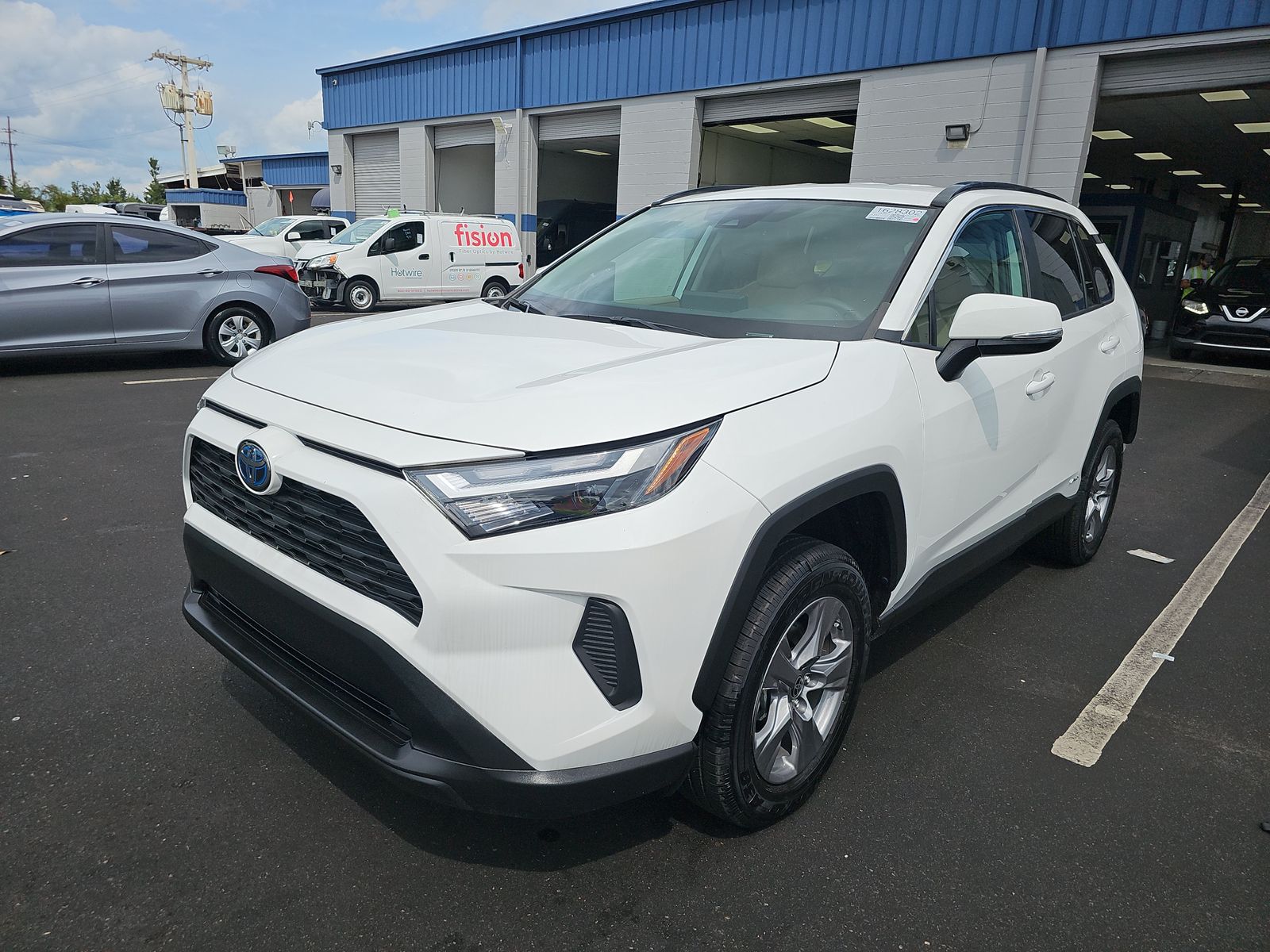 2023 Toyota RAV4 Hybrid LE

---

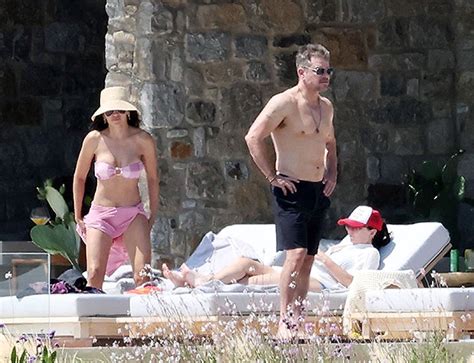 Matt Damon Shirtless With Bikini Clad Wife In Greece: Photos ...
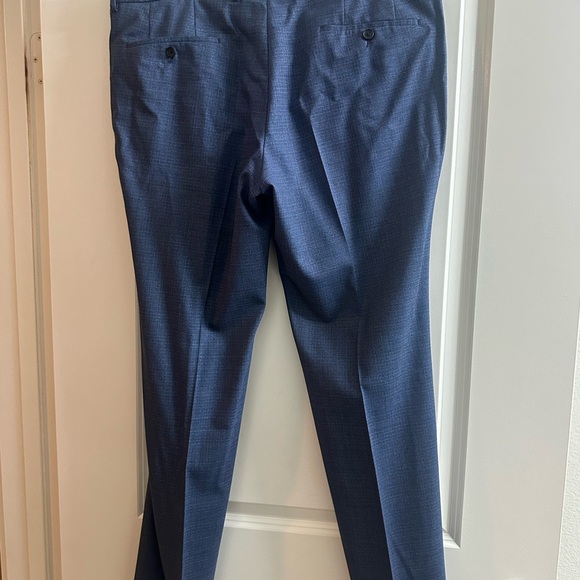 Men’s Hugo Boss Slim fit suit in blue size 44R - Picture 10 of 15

* * *

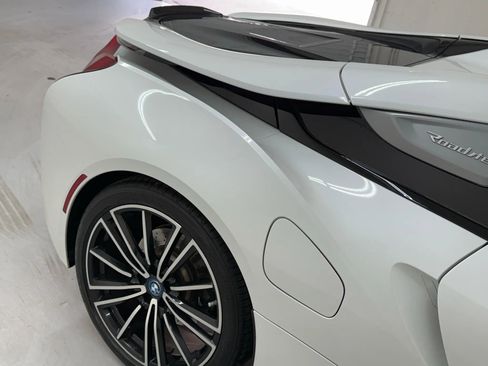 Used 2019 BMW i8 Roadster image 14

* **Your assignment**: Within the listing above, the lines from the one with "Greece: Photos ..." through the one with "Men’s Hugo Boss" are to be given again word for word. Do not include pictures.

* **Solution to this task**:
 Matt Damon Shirtless With Bikini Clad Wife In Greece: Photos ...
 Men’s Hugo Boss Slim fit suit in blue size 44R - Picture 10 of 15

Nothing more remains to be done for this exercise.